(WHAT TO WORK ON): Type the records that follow again exactly as written, but drop the pictures.

START EXERCISE DATA

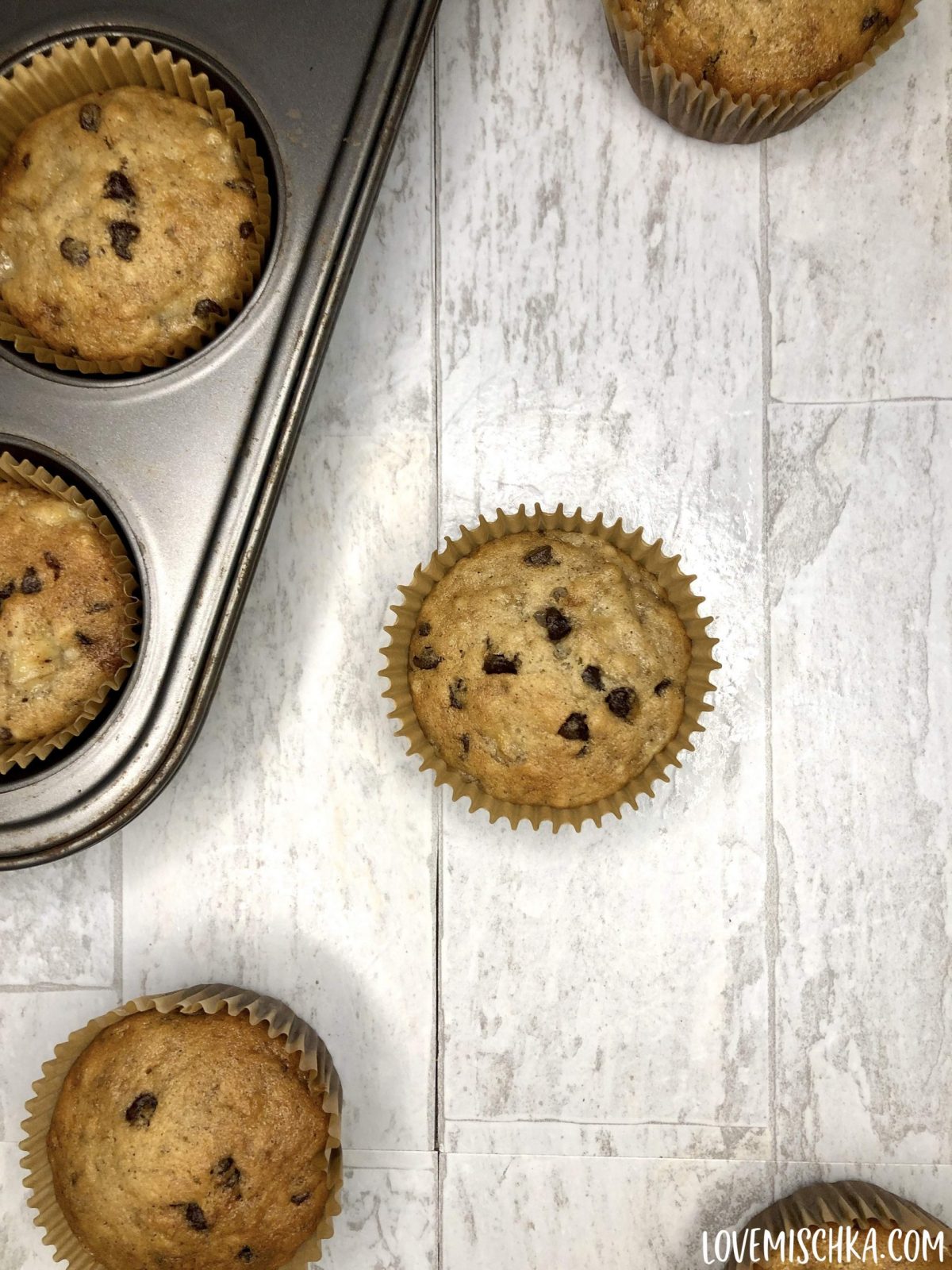 Four Golden Banana Bread Chocolate Chip Muffins are on a white, marble table with a stainless steel baking pan full of muffins next to them.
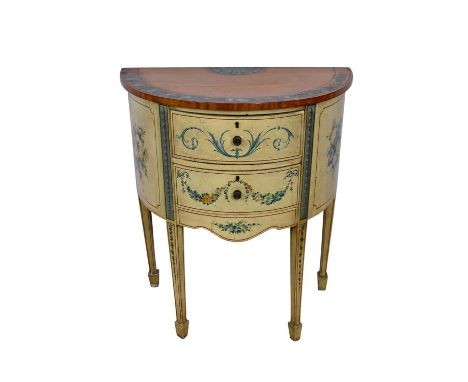 Regency style polychrome painted and satinwood demi-lune commode, with two frieze drawers on square tapered legs and spade fe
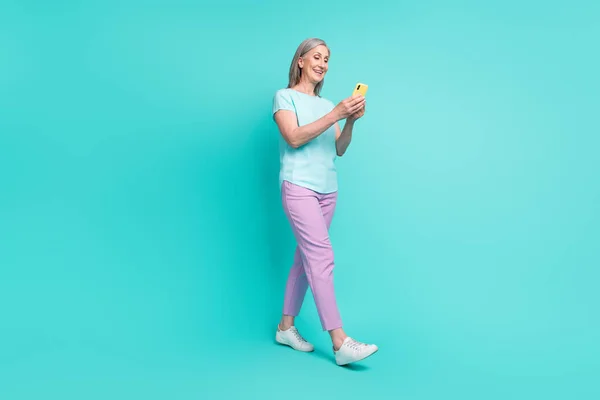 원문 기사보기 전반적 인 크기의 웃고 있는 성숙 한 여성 이 청록색 배경에서 고립된 스마트폰에 중독된 채걸어 들어가는 모습 — 스톡 사진
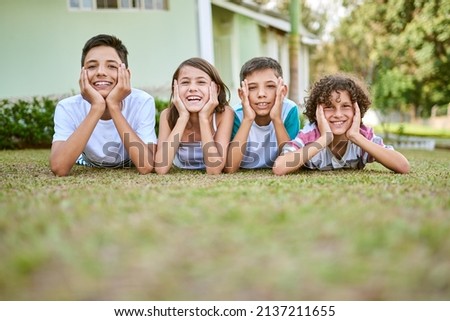 Siblings are best friends you cant live out. Portrait of a group of happy siblings lying together on the grass in their backyard. Royalty-Free Stock Photo #2137211655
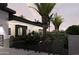 The home has well-maintained landscaping, black trimmed windows, and modern lighting at 11612 N 86Th St, Scottsdale, AZ 85260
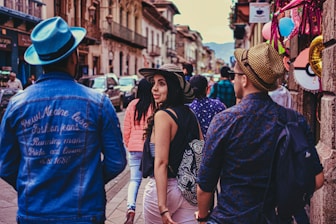 a group of people walking down a busy street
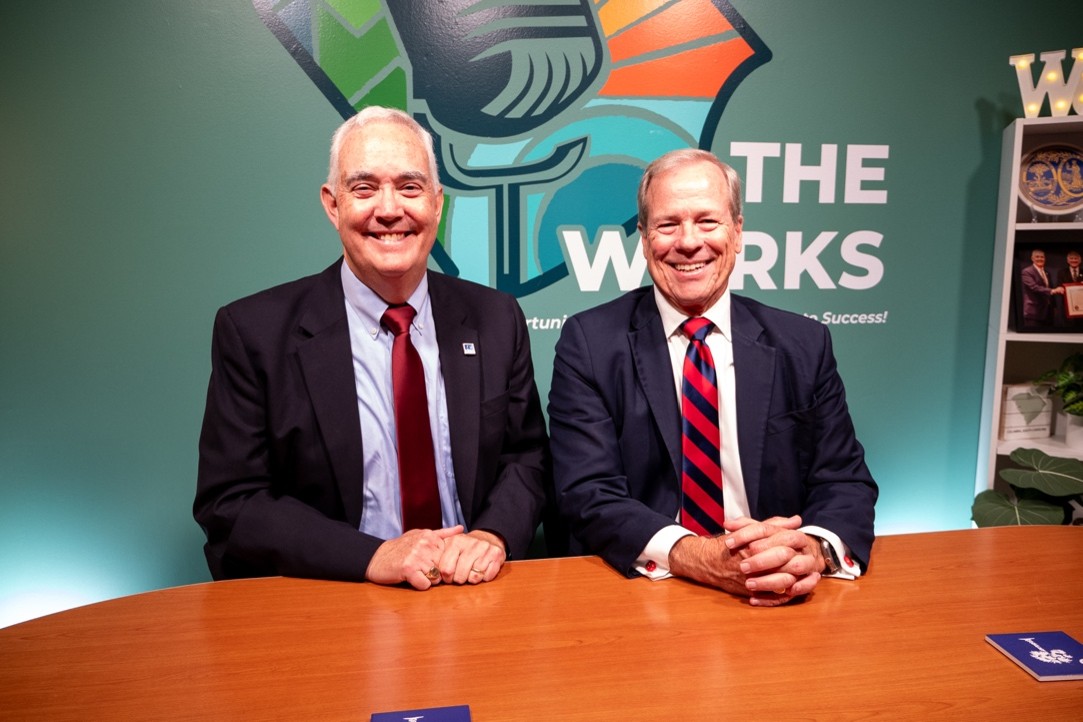 Two men in suits are seated at a table with their hands clasped. Both men are smiling. There is a The Works logo behind their heads on the wall.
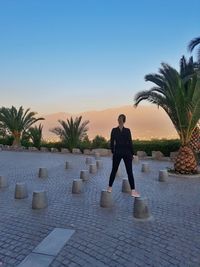 Rear view of woman standing by swimming pool against sky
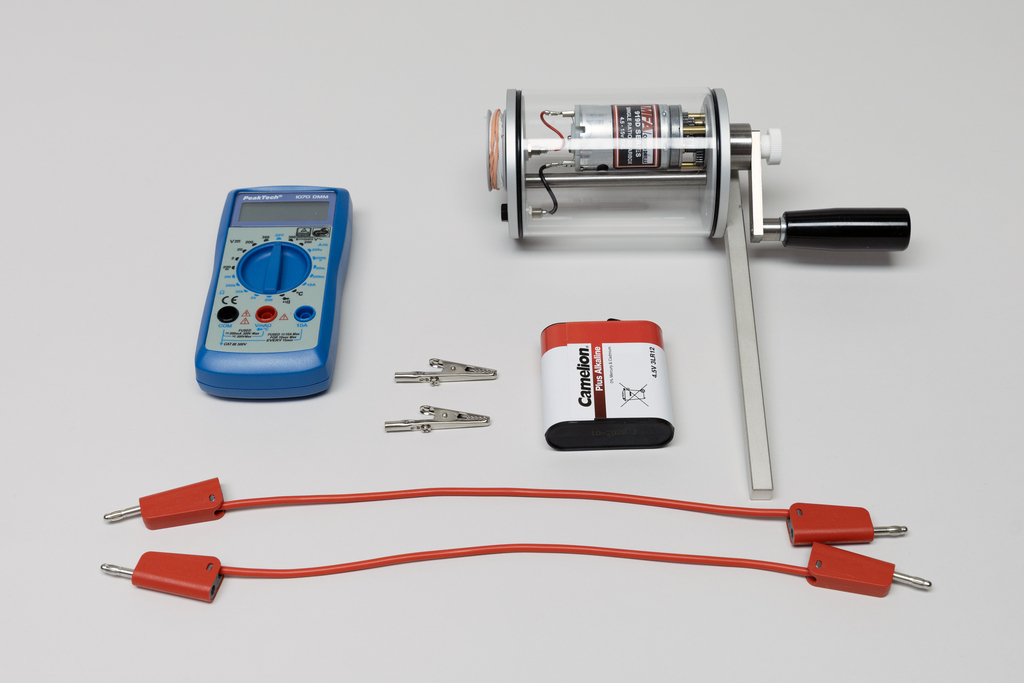 Ein blaues Digitalmultimeter, eine Handkurbel-Dynamo-Einheit und eine Batterie liegen auf einer hellen Fläche. Ergänzt wird das Set durch zwei Krokodilklemmen sowie zwei rote Verbindungskabel.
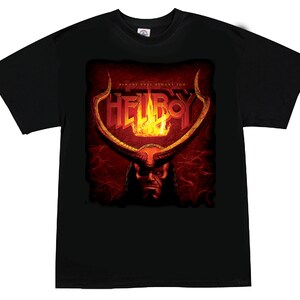 May include: Black t-shirt featuring a graphic of Hellboy with the text "HELLBOY" in orange and yellow flames. The image includes a depiction of Hellboy's face and horns, with the phrase "DEMONS HAVE DEMONS TOO" above the logo.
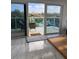 The balcony has sliding glass doors with views of the surrounding neighborhood at 880 Mandalay Ave # S302, Clearwater Beach, FL 33767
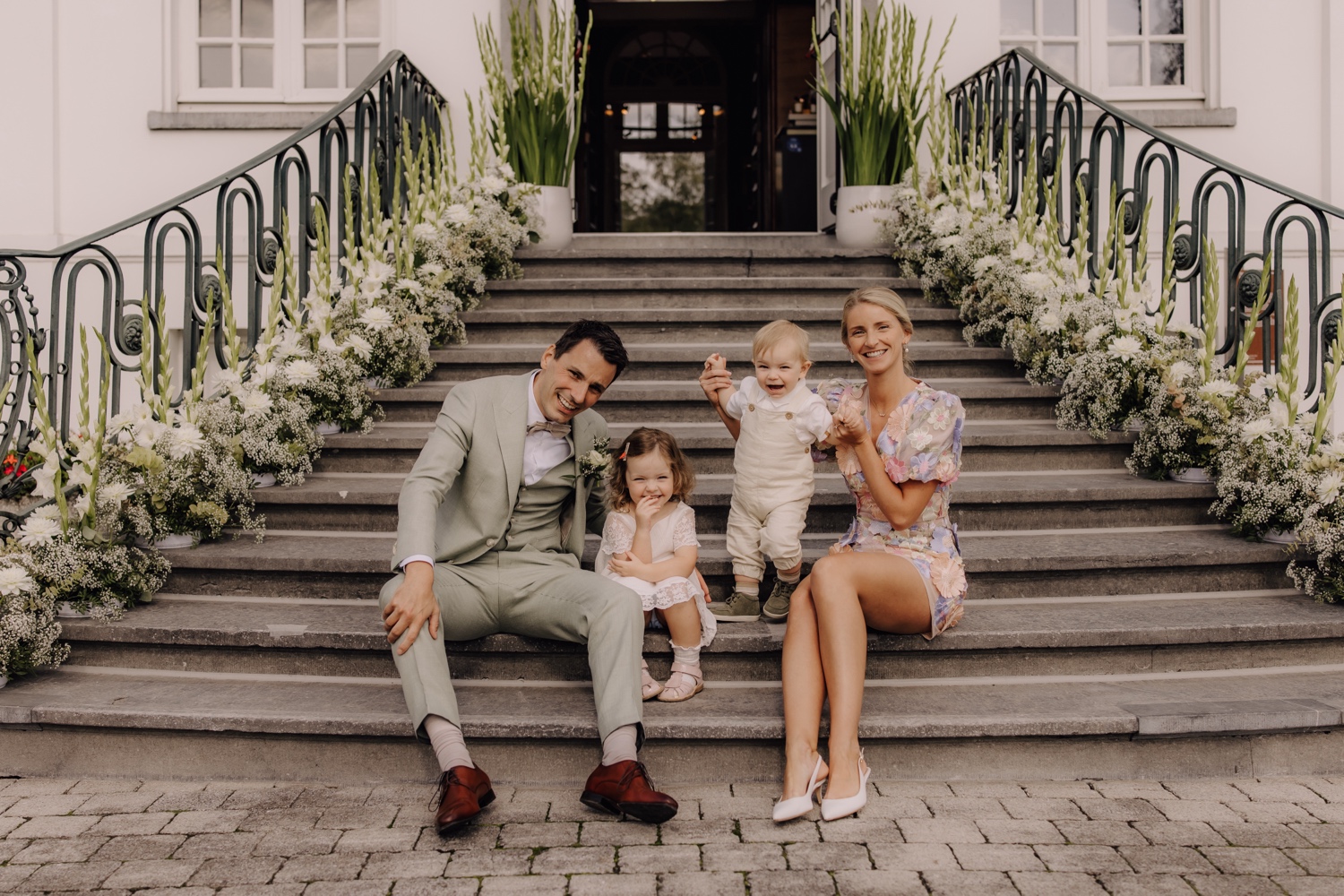 Huwelijksreceptie in het Sint-Michielskasteel - bruidspaar poseert met hun kinderen op de trappen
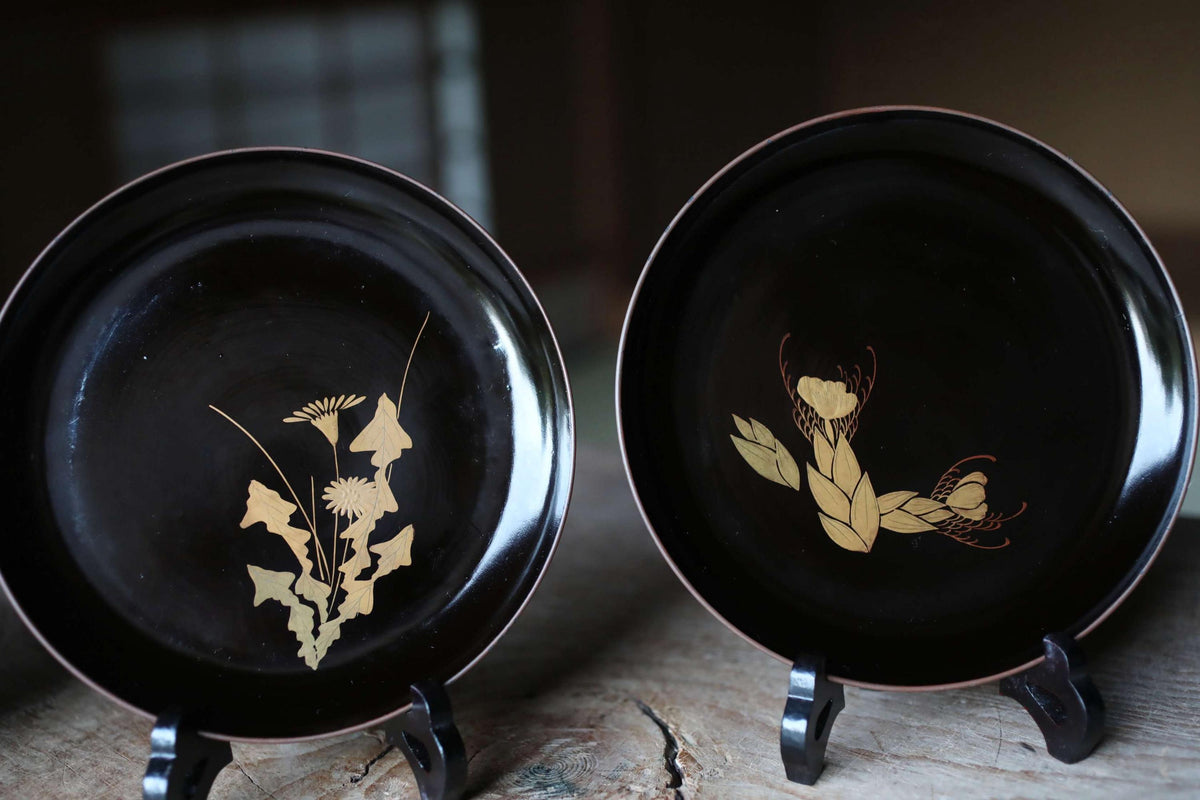 two black plates with gold designs on them, placed on a wooden surface.
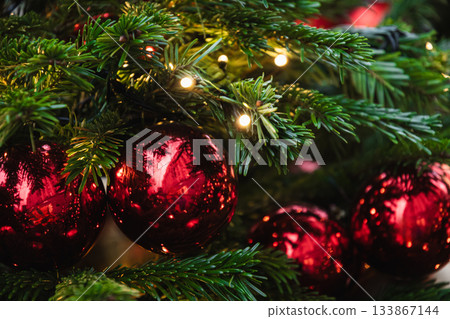 Christmas tree decorated red balls and lights garland. Xmas holiday spirit. Winter. Outdoors. 133867144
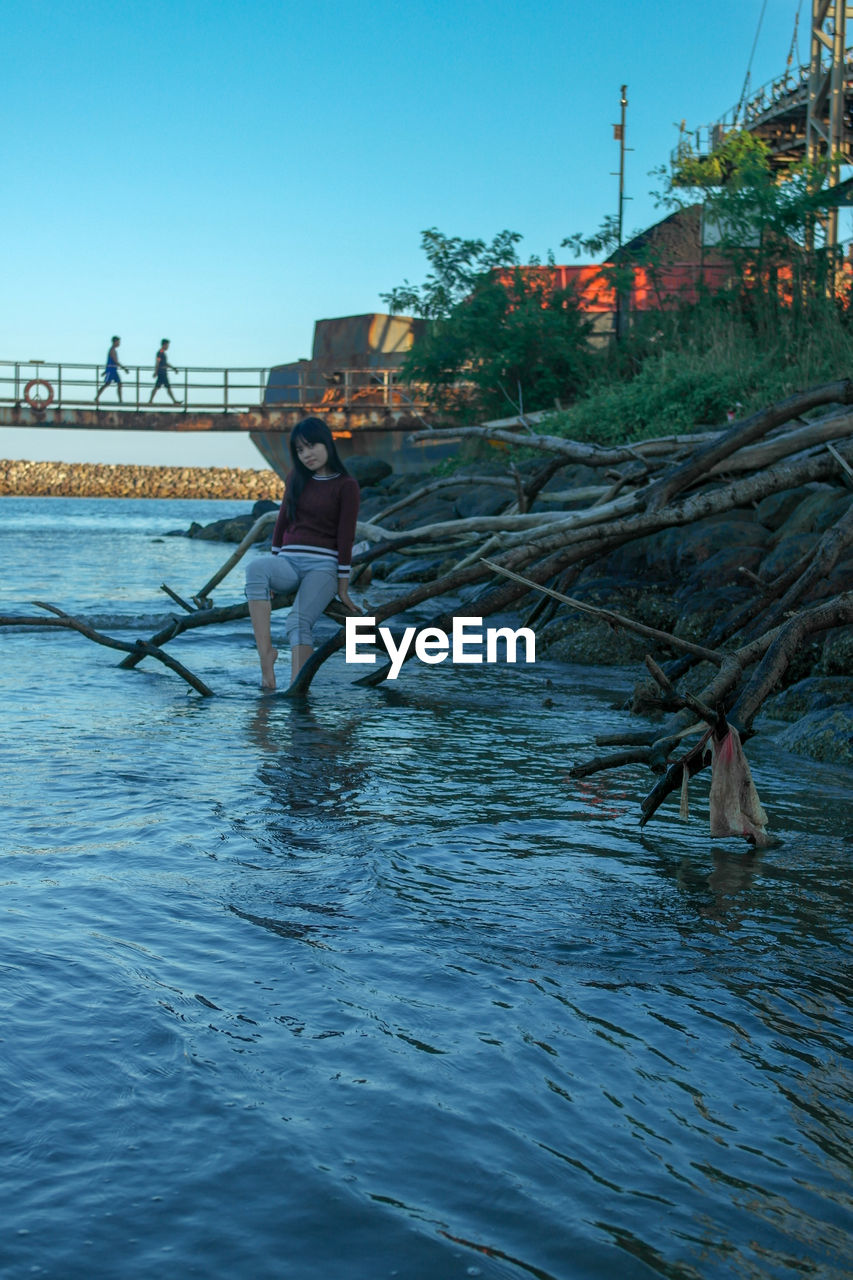 Teenage girl sitting on branch in river against clear sky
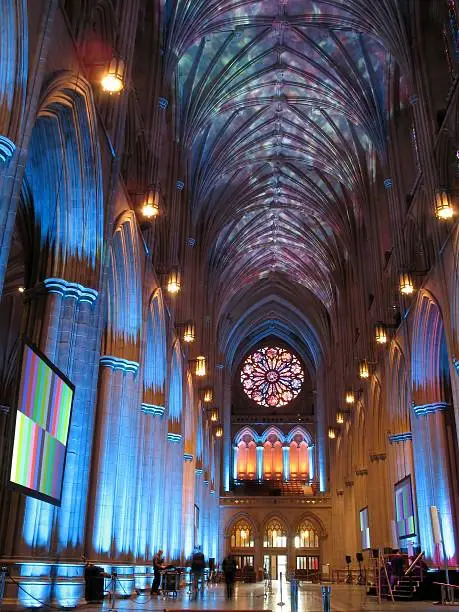 Photo of the sanctuary of the National Cathedral in Washington D.C. lit by psychedelic colors.  This is in preparation for the 100 year or centennial celebration 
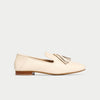Beige loafer shoe on a light gray background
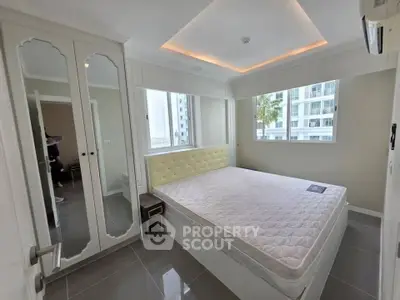 Modern bedroom with large windows and mirrored wardrobe in high-rise apartment.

END EXERCISE DATA

(SOLUTION BELOW):
 Four Golden Banana Bread Chocolate Chip Muffins are on a white, marble table with a stainless steel baking pan full of muffins next to them.
 Regency style polychrome painted and satinwood demi-lune commode, with two frieze drawers on square tapered legs and spade fe
 원문 기사보기 전반적 인 크기의 웃고 있는 성숙 한 여성 이 청록색 배경에서 고립된 스마트폰에 중독된 채걸어 들어가는 모습 — 스톡 사진
 Siblings are best friends you cant live out. Portrait of a group of happy siblings lying together on the grass in their backyard. Royalty-Free Stock Photo #2137211655
 The home has well-maintained landscaping, black trimmed windows, and modern lighting at 11612 N 86Th St, Scottsdale, AZ 85260
 a group of people walking down a busy street
 Two men in suits are seated at a table with their hands clasped. Both men are smiling. There is a The Works logo behind their heads on the wall.
 Rear view of woman standing by swimming pool against sky
 Ein blaues Digitalmultimeter, eine Handkurbel-Dynamo-Einheit und eine Batterie liegen auf einer hellen Fläche. Ergänzt wird das Set durch zwei Krokodilklemmen sowie zwei rote Verbindungskabel.
 May include: Black t-shirt featuring a graphic of Hellboy with the text "HELLBOY" in orange and yellow flames. The image includes a depiction of Hellboy's face and horns, with the phrase "DEMONS HAVE DEMONS TOO" above the logo.
 The balcony has sliding glass doors with views of the surrounding neighborhood at 880 Mandalay Ave # S302, Clearwater Beach, FL 33767
 Huwelijksreceptie in het Sint-Michielskasteel - bruidspaar poseert met hun kinderen op de trappen
 two black plates with gold designs on them, placed on a wooden surface.
 Christmas tree decorated red balls and lights garland. Xmas holiday spirit. Winter. Outdoors. 133867144
 Teenage girl sitting on branch in river against clear sky
 Photo of the sanctuary of the National Cathedral in Washington D.C. lit by psychedelic colors.  This is in preparation for the 100 year or centennial celebration 
Beige loafer shoe on a light gray background
 Modern bedroom with large windows and mirrored wardrobe in high-rise apartment.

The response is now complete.